Our business prospects depend heavily on successfully developing and commercializing our lead product candidate, NeuVax™. The FDA has agreed in the SPA for our Phase 3 PRESENT clinical trial of NeuVax™ that the design, resulting data, and planned analyses of the Phase 3 study support an acceptable regulatory submission for marketing approval. There is no assurance, however, that the Phase 3 study will be successful, that a single Phase 3 trial will support marketing approval, or that we will be able to obtain marketing approval for NeuVax™ or any other product candidate.
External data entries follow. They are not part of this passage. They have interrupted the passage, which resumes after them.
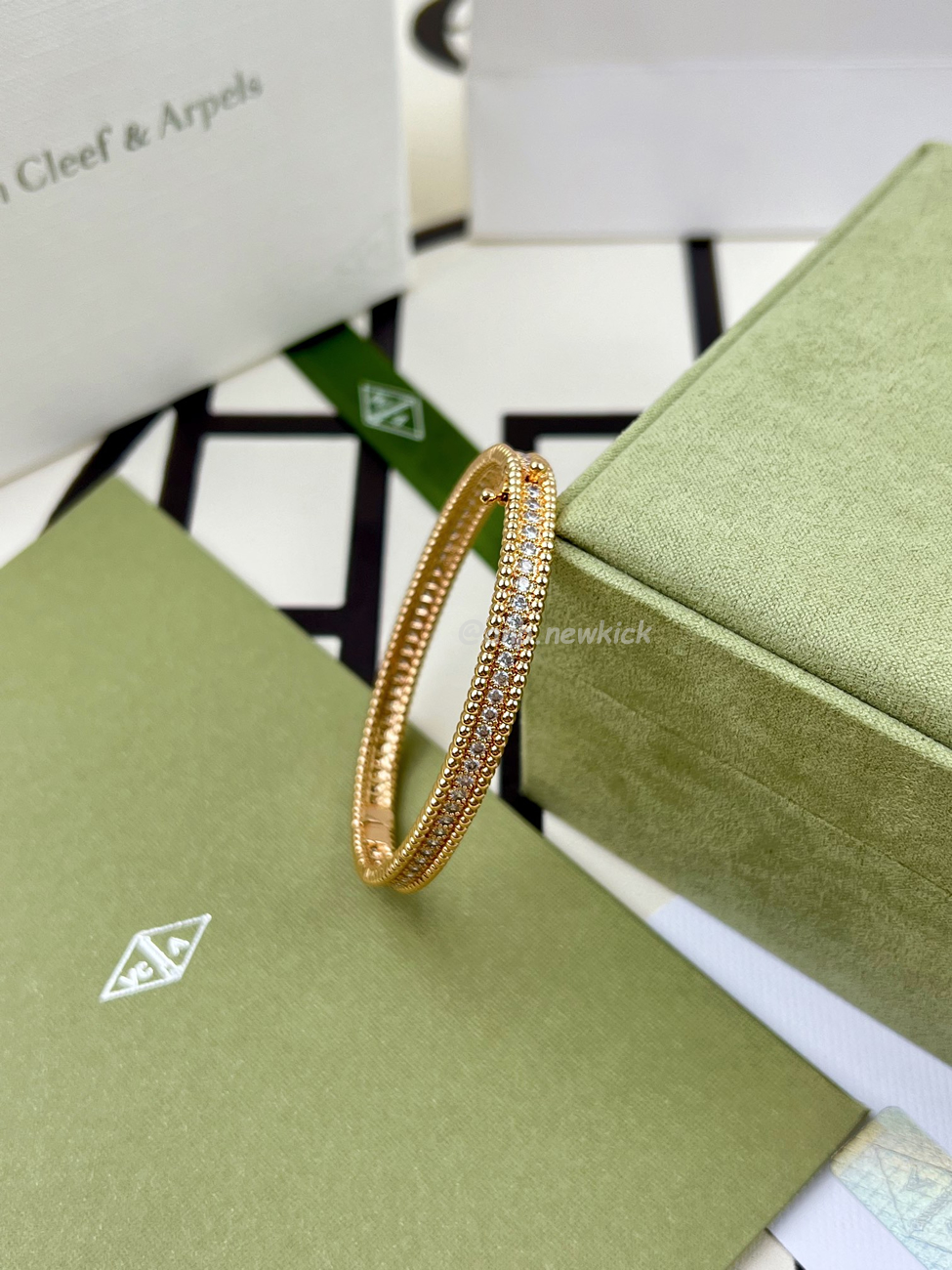 Van Cleef Arpels Full Diamond Bracelet (4) - www.newkick.org Van Cleef Arpels Full Diamond Bracelet (4) - www.newkick.org
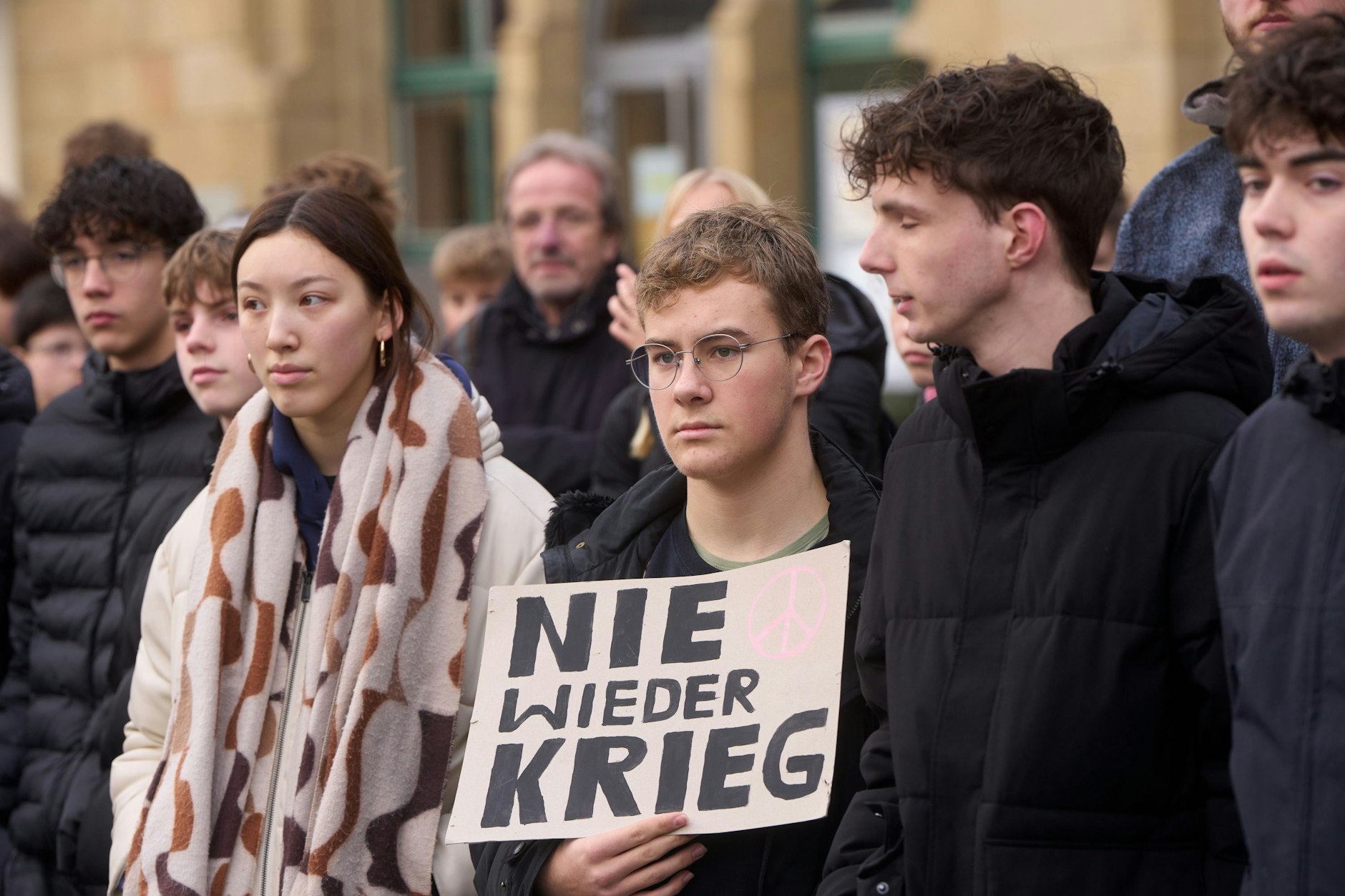 Bundesweit demonstrieren heute Schüler gegen die Einführung der Wehrpflicht. Diese Schüler gingen in Koblenz auf die Straße. 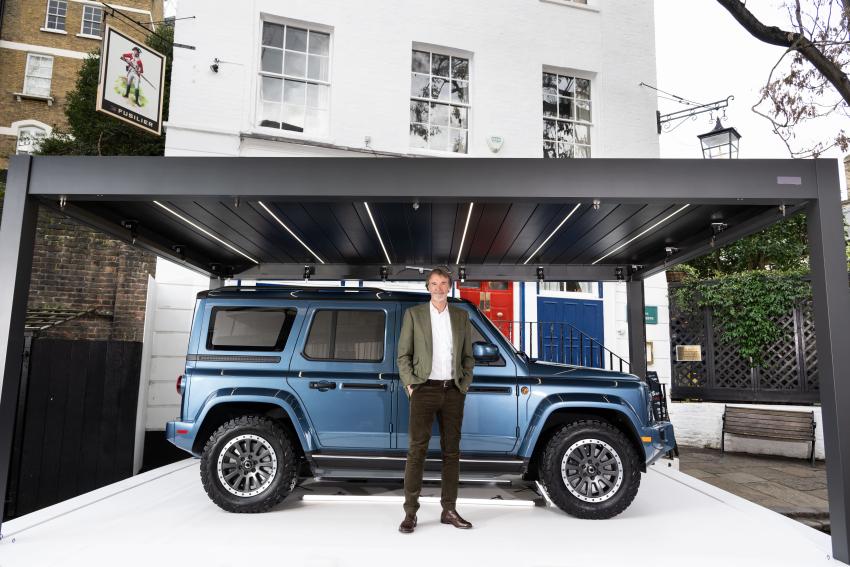 Ineos Fusilier Seite mit CEO Sir Jim Ratcliffe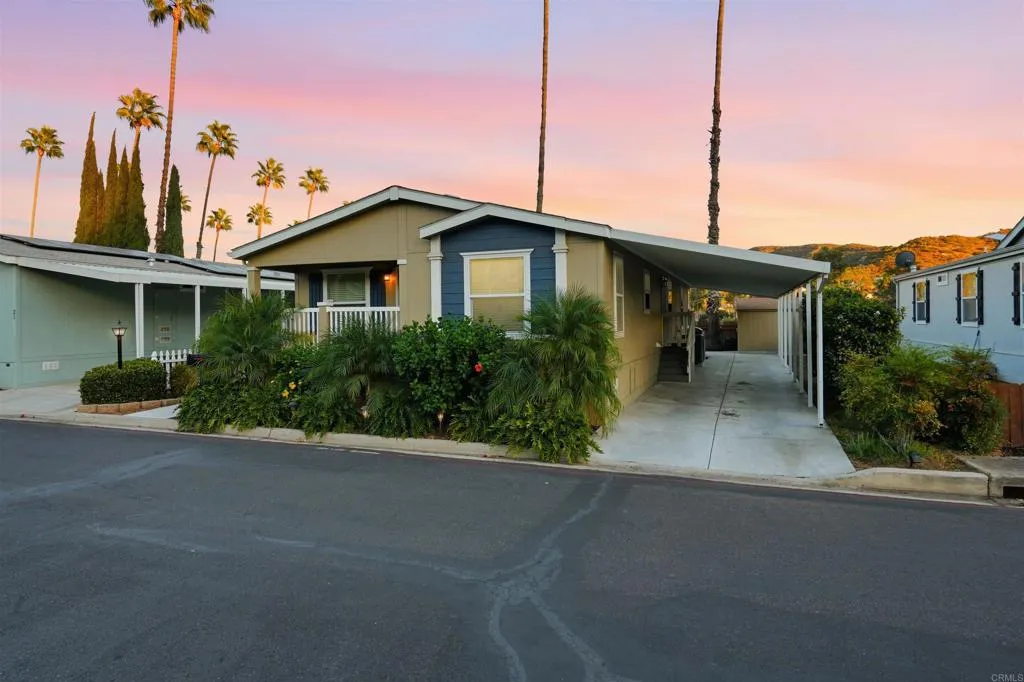 https://cdn.realtyfeed.com/cdn/127/307097082/992a44e08b1bd1c305d38581db448502.webp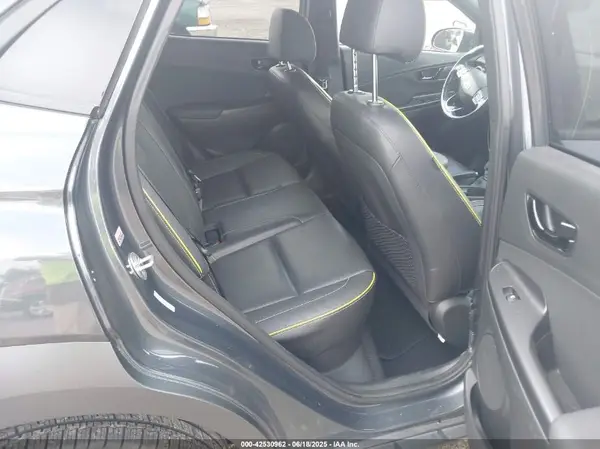 KM8K3CA57KU236101 2019 HYUNDAI KONA - Image 8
Before they can be marketed, our products in development must be approved by the FDA or similar foreign governmental agencies. The process for obtaining FDA approval is both time-consuming and costly, with no certainty of a successful outcome. Before obtaining regulatory approval for the sale of any drug candidate, we must conduct extensive preclinical tests and clinical trials to demonstrate the safety and efficacy in humans of our product candidates. Although NeuVax™ has exhibited no serious adverse events (“SAEs”) associated with the drug in the Phase 1/2 clinical trial, SAEs or other unexpected side effects may arising during further testing in our Phase 3. A failure of any preclinical study or clinical trial can occur at any stage of testing. The results of preclinical and initial clinical testing of these products may not necessarily indicate the results that will be obtained from later or more extensive testing. It also is possible to suffer significant setbacks in advanced clinical trials, even after obtaining promising results in earlier trials.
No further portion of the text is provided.